Israel's attempts to mitigate civilian harm mean intent to commit genocide is “not even a plausible inference”, Ms Raguan argued – a key test for the court in its initial judgment.

A second British barrister, Malcolm Shaw, defended Israel's actions by saying its use of leaflets and phone calls to warn Palestinians of impending strikes show “the precise opposite of any genocidal intent”.

He said any violations by Israeli troops would be dealt with by the country's “robust and independent legal system”.

“Armed conflict, even when fully justified and conducted lawfully, is brutal and costs lives,” he said, but "there is no genocidal intent here. There is no genocide here."

Israel is also challenging South Africa's right to bring the claim, after describing its accusers in The Hague as “Hamas's representatives in the court”.

Closing Israel’s defence, deputy attorney general Gilad Noam asked judges to strike out the case altogether.
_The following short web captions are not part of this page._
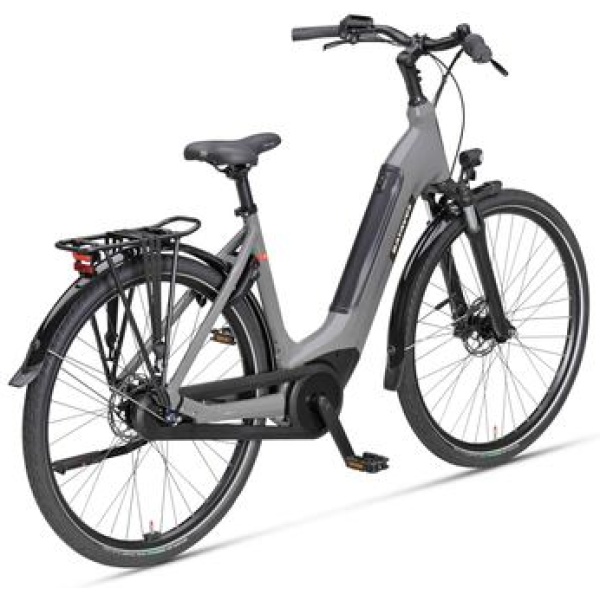 Batavus Altura E-Go Power Taupe LAGEINSTAP 2025 - Afbeelding 7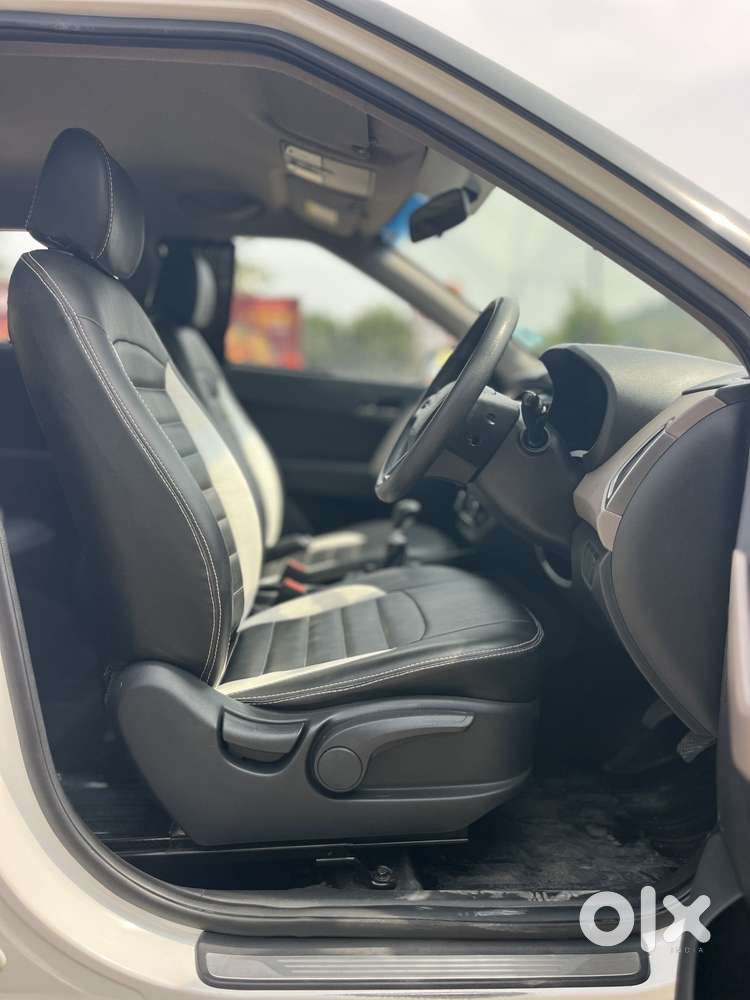 Hyundai Creta 1.6 Vtvt Sx Plus Dual Tone, 2015, Petrol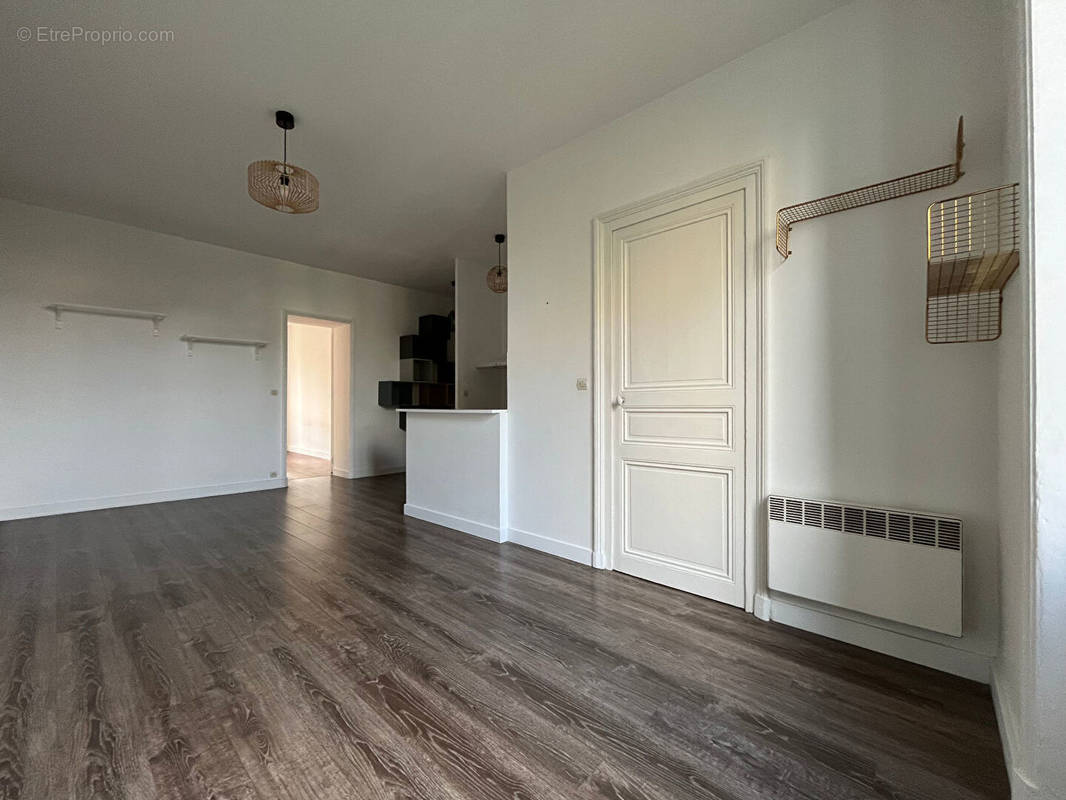 Appartement à NANTES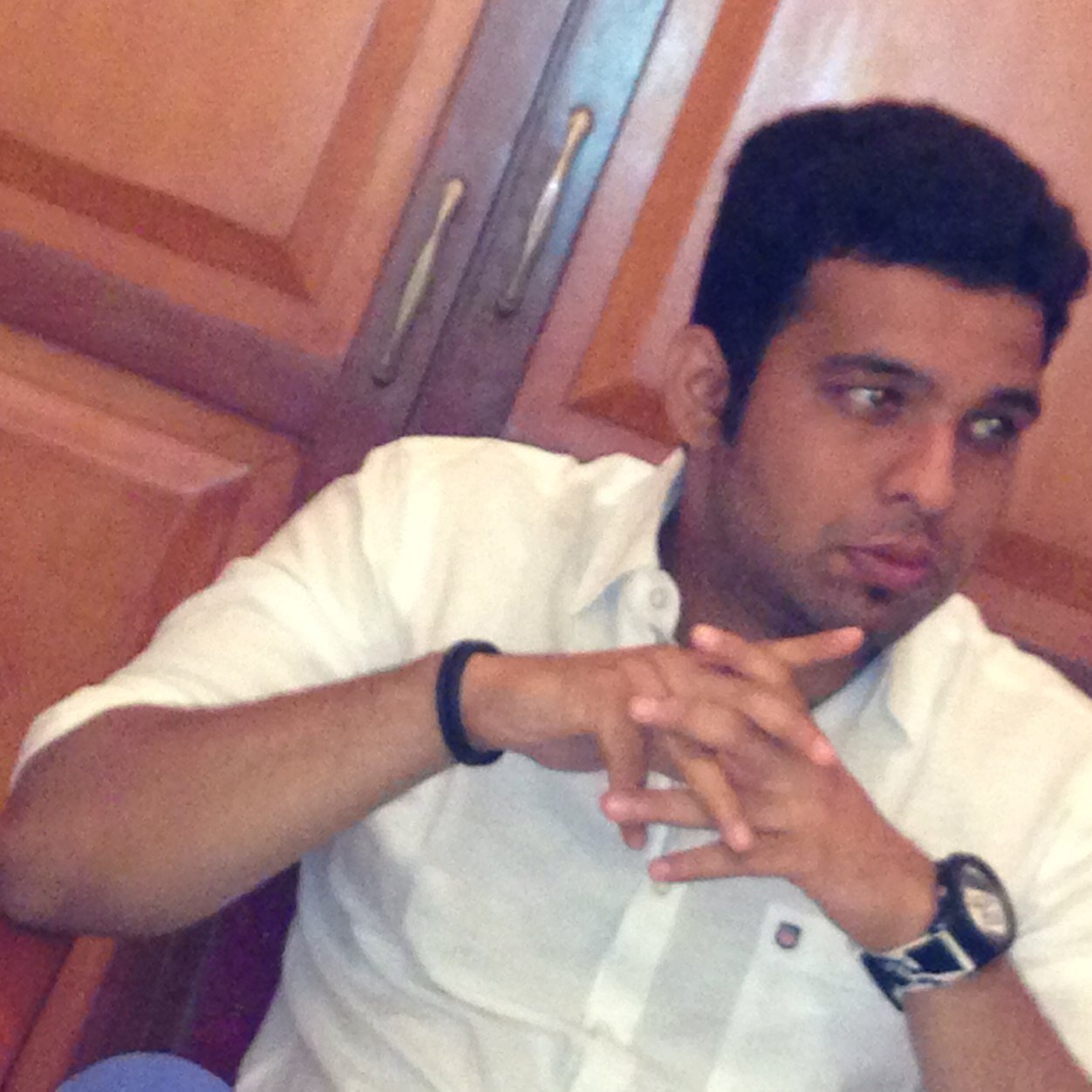 AMRITHRAJBHAT's profile picture. 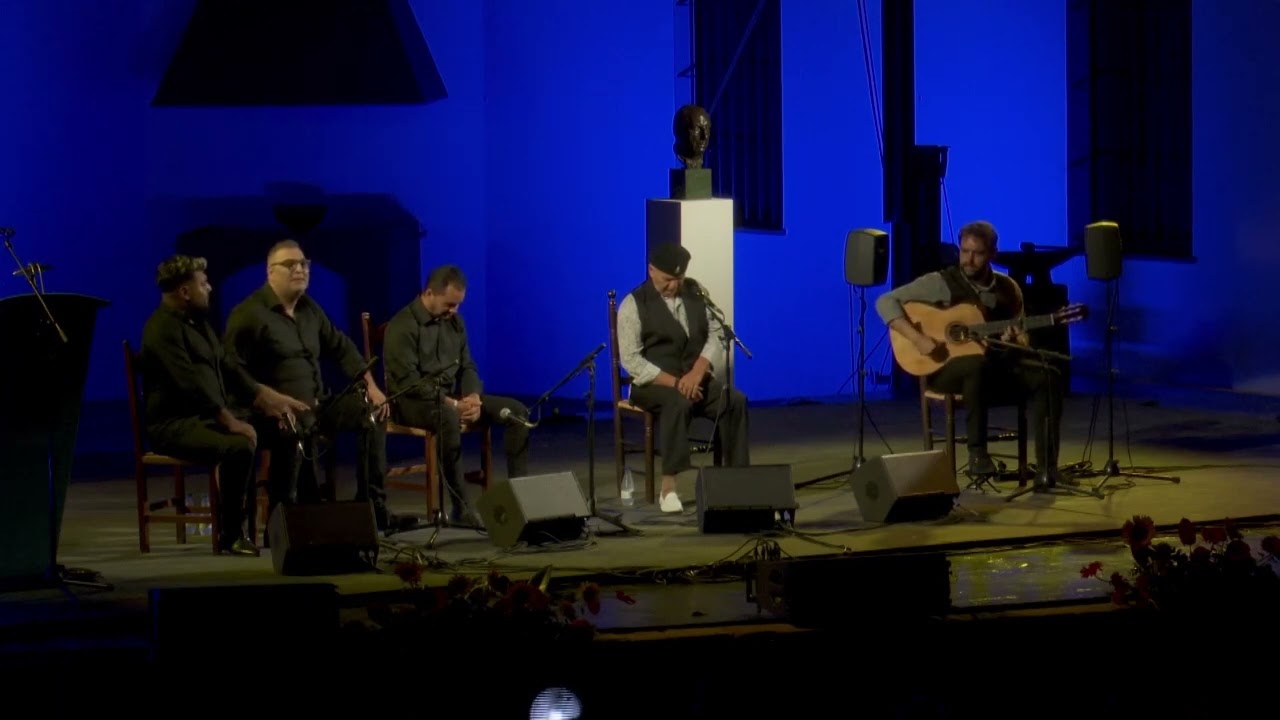 LXII Festival de Cante Jondo Antonio Mairena - El Pele y Dani de Morón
Court president Joan Donoghue said a decision on whether to order a halt to Israel's offensive would be given “as soon as possible”. It has typically taken weeks in previous cases.

The 17 judges hearing the case have no power to enforce any such ruling but it could pile international pressure on Israel to change course.

What is South Africa's case?

South Africa on Thursday told the court Israel's bombardment of Gaza was creating conditions that “cannot sustain life”, forcing Palestinians to flee the territory.

It said Israel's actions had laid waste to Gaza “beyond any acceptable legal, let alone humane, justification” and crossed the line of legitimate self-defence.

Motivated in part by its own 20th-century history, South Africa accused Israel of a “75-year apartheid” against Palestinians and a 16-year siege of Gaza.

It said there was an “urgent need” for the court to step in because deaths and injuries are occurring every day and Israel's actions make effective humanitarian aid impossible

The Israeli government dismissed the claims as “false and baseless” and said its military campaign to “eliminate Hamas” would continue.

Israel's attack on Gaza continued overnight, with at least five people reported injured in a bombing west of Deir Al Balah.

The war's wider impact meanwhile intensified as the US and UK launched air strikes targeting Yemen's Houthi rebels, who have attacked Red Sea shipping.

A decision from the ICJ on the emergency ruling by South Africa is expected within weeks, while the underlying genocide issue could take years to resolve.

Israel's legal team includes the British barristers Mr Shaw, a veteran of cases at The Hague, and Mr Staker, a lawyer on the criminal tribunal for the former Yugoslavia.

Genocide is defined, under the convention drawn up after the Holocaust, as acts “committed with intent to destroy, in whole or in part, a national, ethnical, racial or religious group”.

Proving intent is a difficult part of the case, with South Africa drawing on provocative statements by senior Israeli ministers and military commanders.

The Israeli delegation also includes deputy attorney general Gilad Noam, Foreign Ministry legal adviser Mr Becker and ambassador in the Netherlands Modi Ephraim.